Die Geschichte einer Firmeninsolvenz
Kiel. Anfang des Monats durfte ich, als zuständige Werkstudentin für PR, nach Hamburg fahren und einen unserer erst kürzlich dazugewonnen Mandanten interviewen. Herr M.* berichtete ausführlich, was eine Firmeninsolvenz für Auswirkungen hat – auch auf die eigene Beziehung und das Familienleben.
09:52. Ich klingele an der Tür eines Eckhauses und ein paar Sekunden verstreichen. Die Tür öffnet sich und ein sympathischer großer Mann in Jeans und weißem T-Shirt steht vor mir. Er lächelt sofort und meine Aufregung löst sich in Luft auf. Sein herzlicher Empfang und die positive Art, die während meines Aufenthalts nicht für einen Moment umschlägt, sind nicht selbstverständlich. Denn die Menschen, die ich für solche Interviews treffe, haben schwere Schicksalsschläge und eine harte Zeit hinter sich. In unserer Gesellschaft spricht man nicht gerne über das eigene Scheitern und doch tut er es – sehr ehrlich und sympathisch.
Guten Morgen Herr M., zunächst einmal vielen Dank, dass Sie sich freiwillig dazu bereit erklären, mir einige Fragen zu beantworten. Sie müssen selbstverständlich keine der Fragen beantworten, wenn Sie nicht möchten. Zunächst könnten Sie vielleicht erzählen, in welcher Branche Sie tätig sind und was Sie hier jeden Tag tun.
Wir sind ein Ingenieurbüro und konstruieren Maschinen in allen Formen und Farben. Auch besonders Spezialanfertigungen, wie beispielsweise Maschinen mit besonders schwerem Handling sind für uns kein Problem.
Wie war Ihr bisheriger beruflicher Werdegang?
Ich habe erst technischer Zeichner gelernt und dann ein Studium begonnen, das ich dann aber wieder abgebrochen habe. Es hat mir einfach zu lange gedauert (lacht). Danach habe ich für eine Firma, die Rauchabzüge und Ähnliches herstellt, gearbeitet, bin dann da weg und habe in einem Ingenieurbüro angefangen. Dort habe ich etwa 10 Jahre verbracht. Es war ein kleineres Unternehmen und das war wirklich schön, weil wir so unterschiedliche Sachen gemacht haben. Angefangen damit, dass wir einfache Rohrleitungen verpackt haben bis hin zu hoch komplexen Messgeräten, die wir selber gebaut haben. Es war wirklich spannend, einfach immer etwas Neues zu machen und nicht ewig am selben Produkt rumzuwerkeln.
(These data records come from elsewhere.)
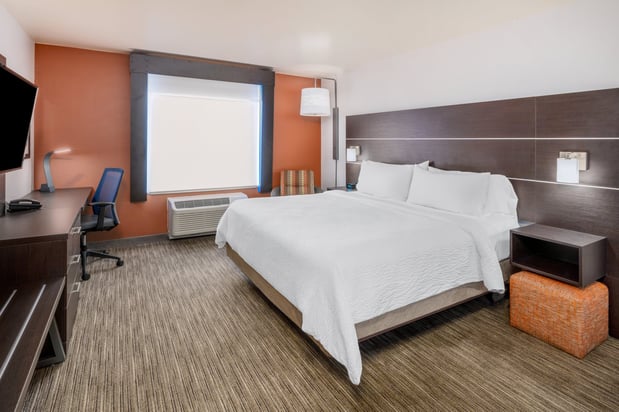 Images Holiday Inn Express & Suites Colorado Springs Afa Northgate by IHG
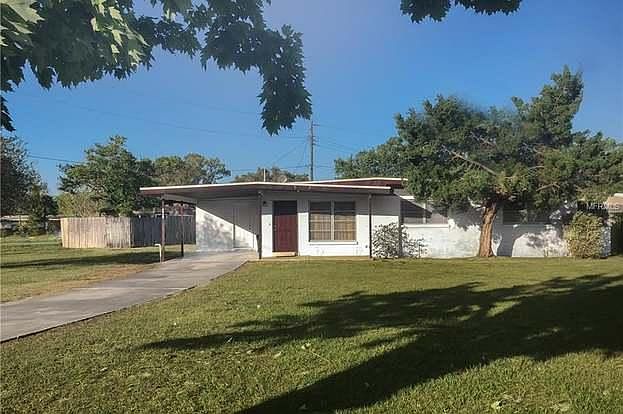 1st image of 3417 Arbutus Ln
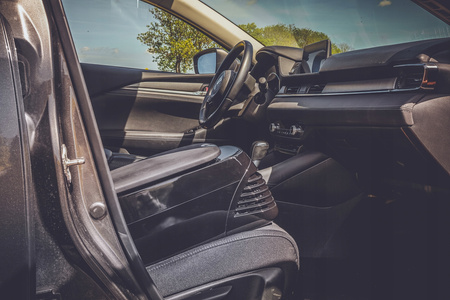 Lodówka przenośna kompresorowa z funkcją podgrzewania Yolco CX8 BLACK 8L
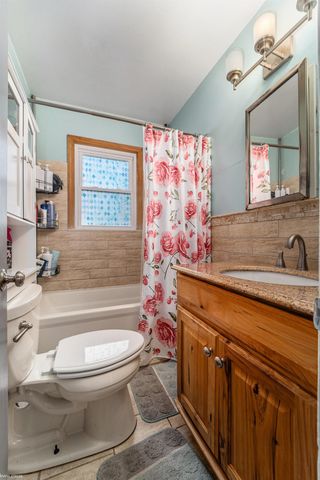 22076 Tuscany Avenue, Eastpointe, MI 48021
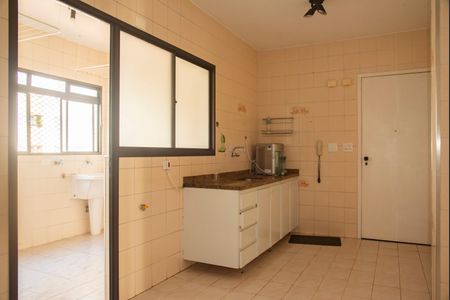 Apartamento à venda com 96m², 3 quartos e 2 vagasCozinha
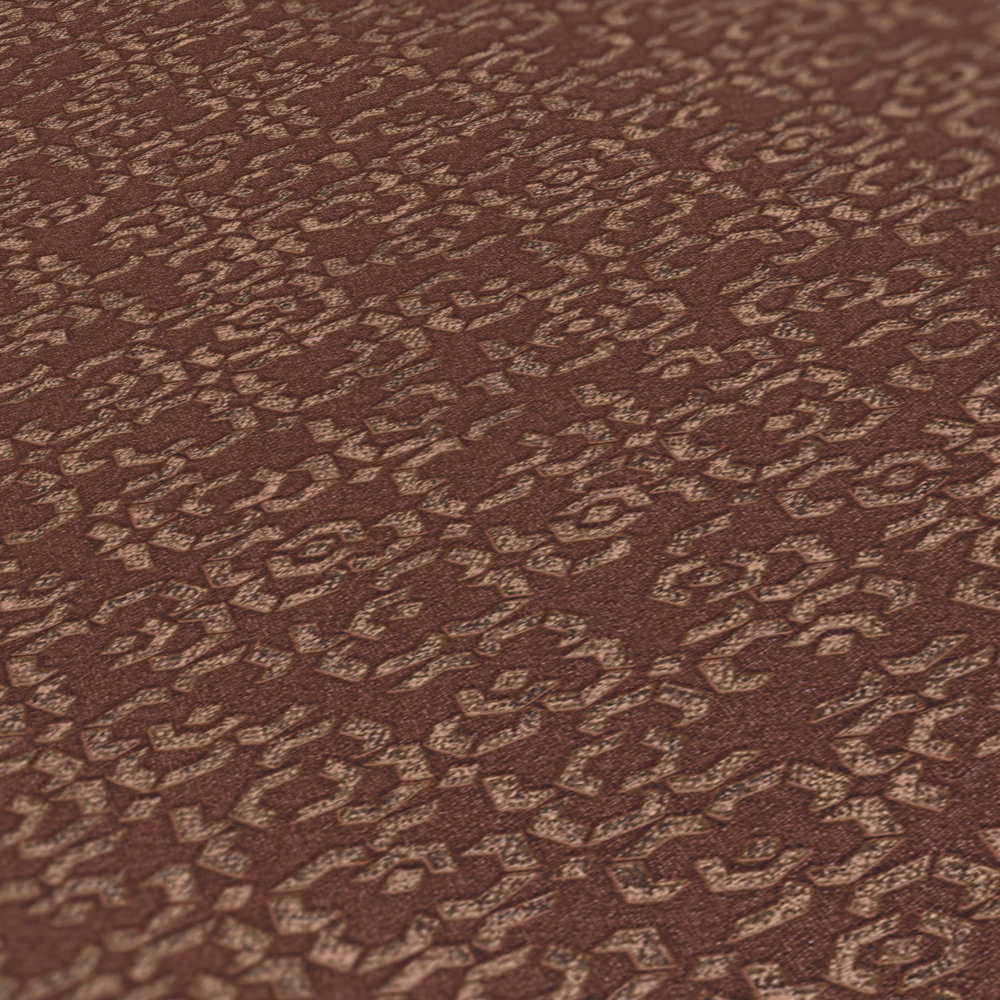 Tapete mit 3D Mustereffekt und Metallic-Glanz – Braun, Metallic, Rot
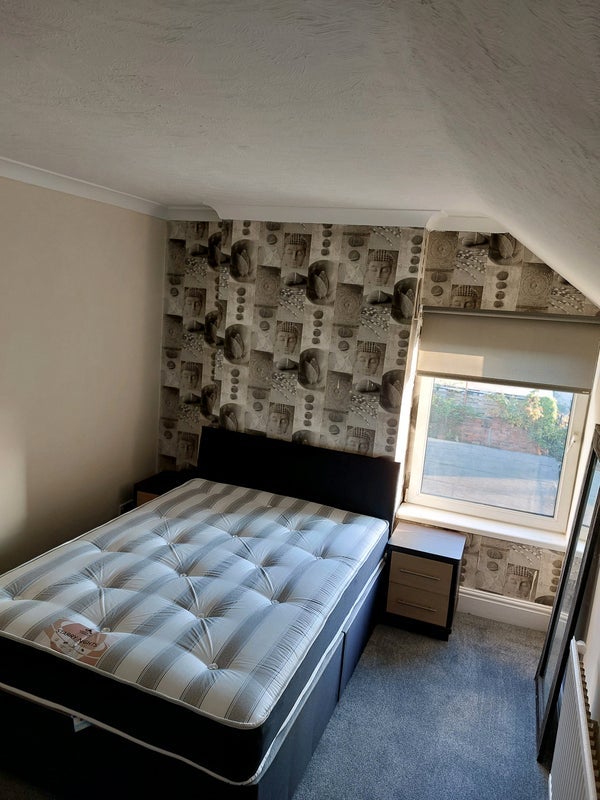 Room Seymour Street in Cardiff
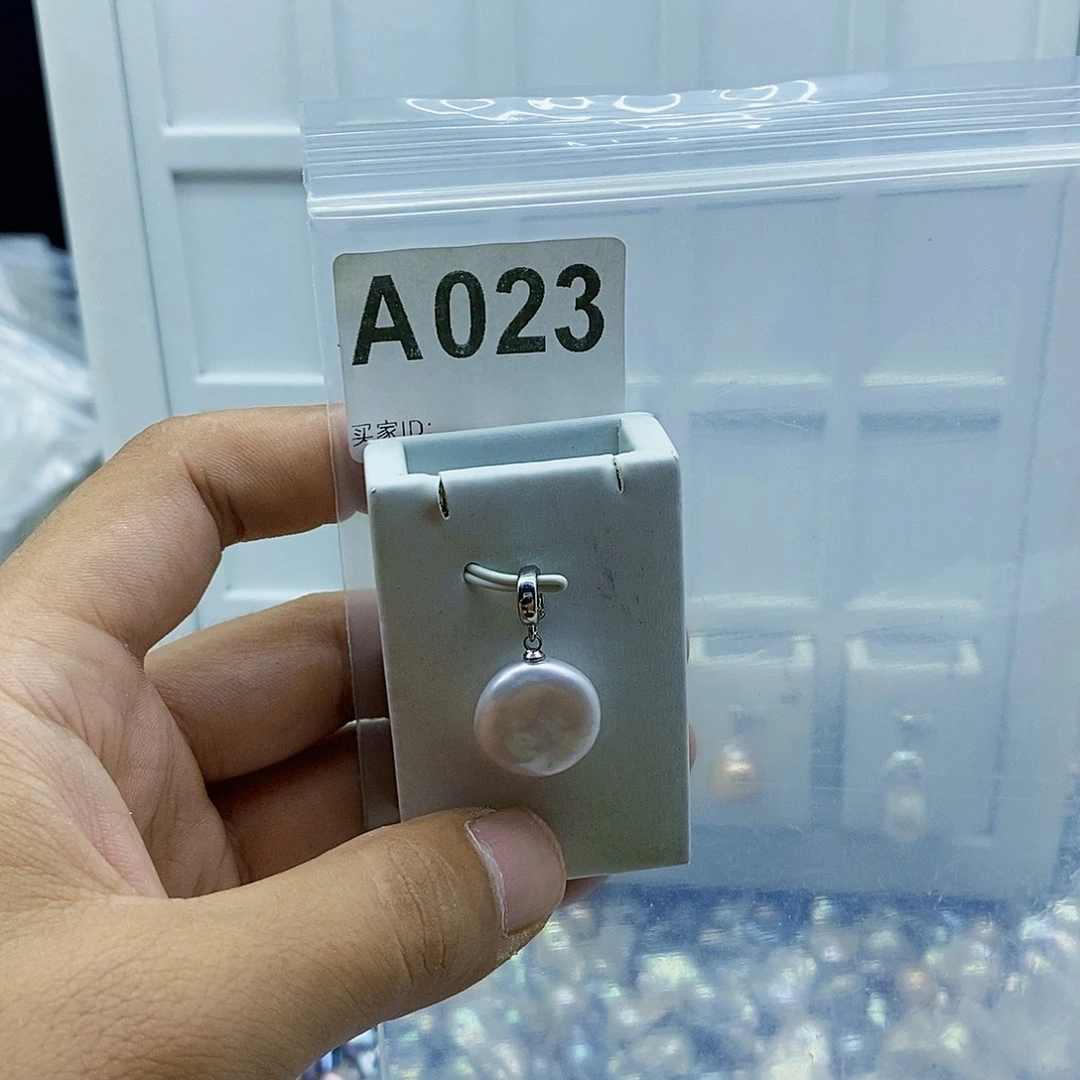 淡水珍珠合金颈饰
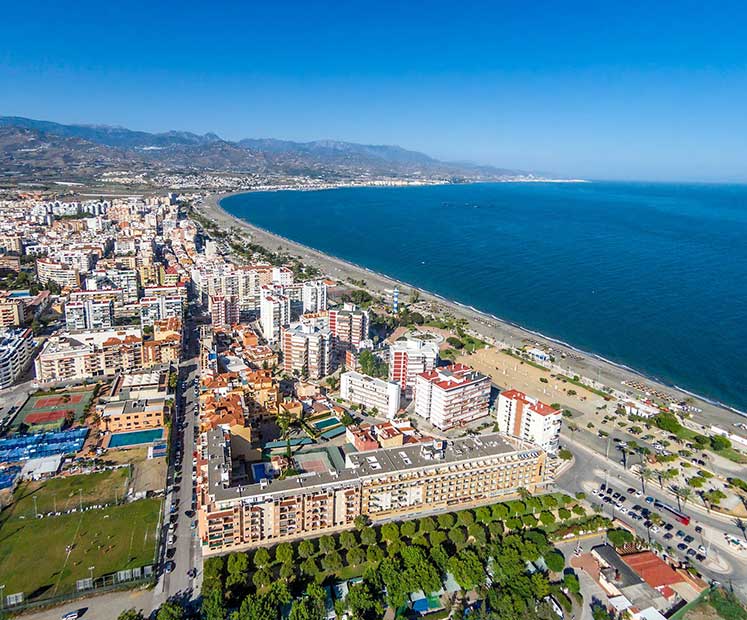 LOCAL REFORMADO A VIVIENDA EN TORRE DEL MAR A ESTRENAR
Später habe ich dann in einer anderen Firma als Konstruktionsleiter angefangen, dort vier Jahre gearbeitet, aber drei Jahre nach einem Generationswechsel hat die Firma leider Insolvenz angemeldet und ist verkauft worden. Aus der Insolvenz heraus habe ich mich dann selbstständig gemacht.
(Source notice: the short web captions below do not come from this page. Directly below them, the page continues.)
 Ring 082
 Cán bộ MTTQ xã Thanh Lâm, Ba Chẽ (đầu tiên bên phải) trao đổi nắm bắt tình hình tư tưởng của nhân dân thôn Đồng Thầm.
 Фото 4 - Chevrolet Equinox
Wann haben Sie sich entschieden sich selbstständig zu machen? Oder wann genau war der Punkt da, an dem Sie gesagt haben, jetzt ziehe es wirklich durch?
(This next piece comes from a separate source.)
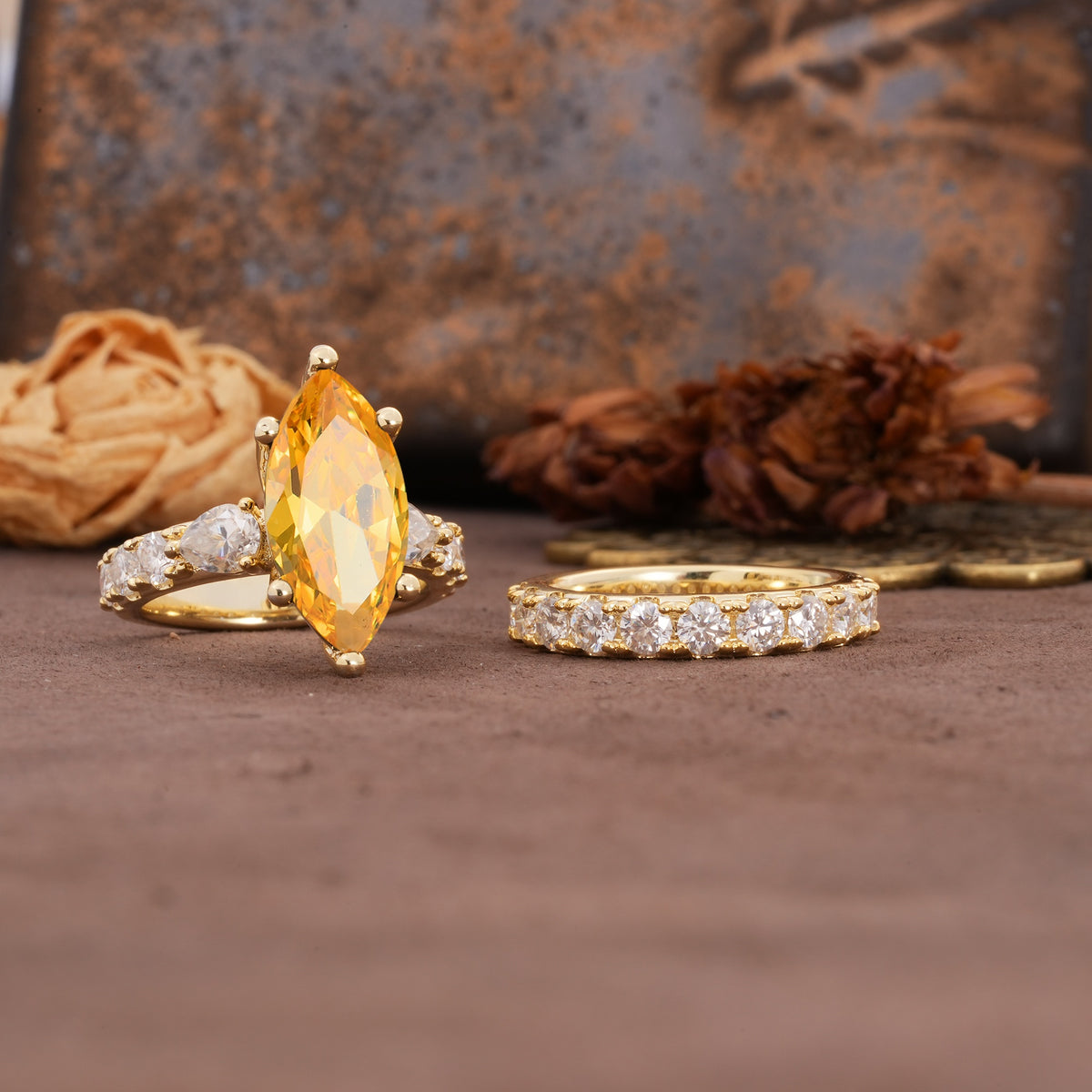 Luxurious Vintage 6-Prong Marquise Cut Citrine Couple Rings - White-Gold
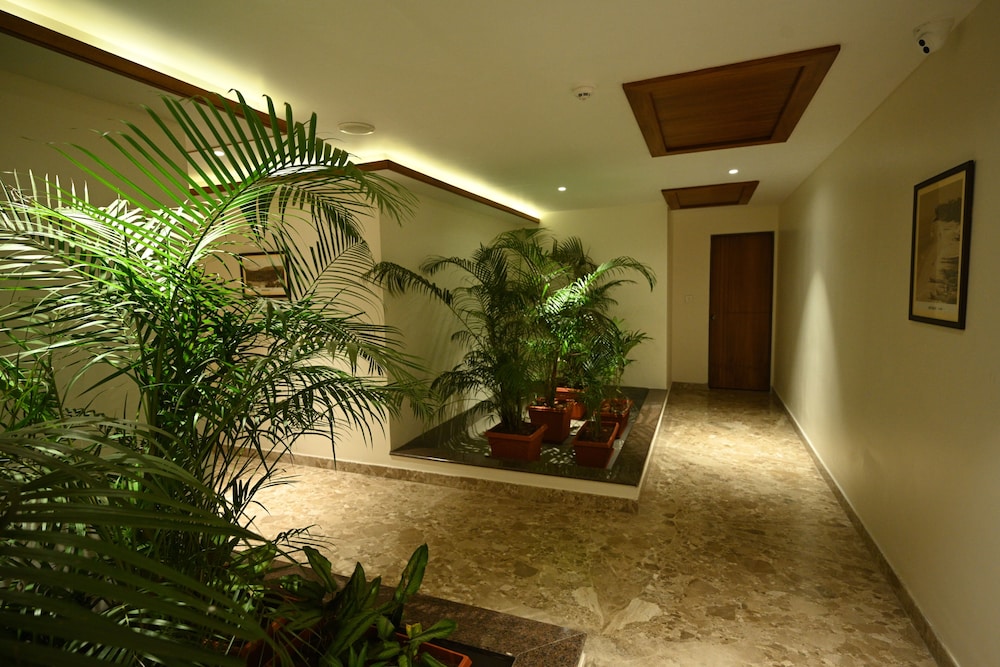 Suite Room - Photo 19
Ich war vorher schon einmal kurzzeitig selbstständig und wenn man lange in einem Ingenieurbüro arbeitet, weiß man, dass es kein Hexenwerk ist. Da ich bereits als Gruppenleiter alle Aufgaben übernehmen durfte – wie Aufträge kalkulieren und Ähnliches – habe ich die Basics alle bereits gelernt. Dadurch, dass wir auch für sehr unterschiedliche Industriebereiche tätig waren, hat man natürlich einen sehr guten Einblick in alle Bereiche bekommen, und auch durch das Anleiten von Leuten lernt man eine Menge dazu. Da hat man die Tricks dann ja schon mehr oder weniger drauf.. Man weiß, wie man Einstellungsgespräche führt, wie man Projekte kalkuliert und bei welchen Aufgabenstellungen man vorsichtig sein muss.
Rückblickend betrachtet: Ab wann und warum ging es mit ihrem Unternehmen finanziell bergab?
Vor zwei Jahren ungefähr. Die ersten zwei Jahre waren super, aber danach wurde es schlechter. Das kam aber sehr schleichend und irgendwann steht man da und fragt sich „Was mache ich hier gerade?“
Wann war der Punkt erreicht, an dem Sie verstanden haben, dass Sie jetzt Hilfe brauchen?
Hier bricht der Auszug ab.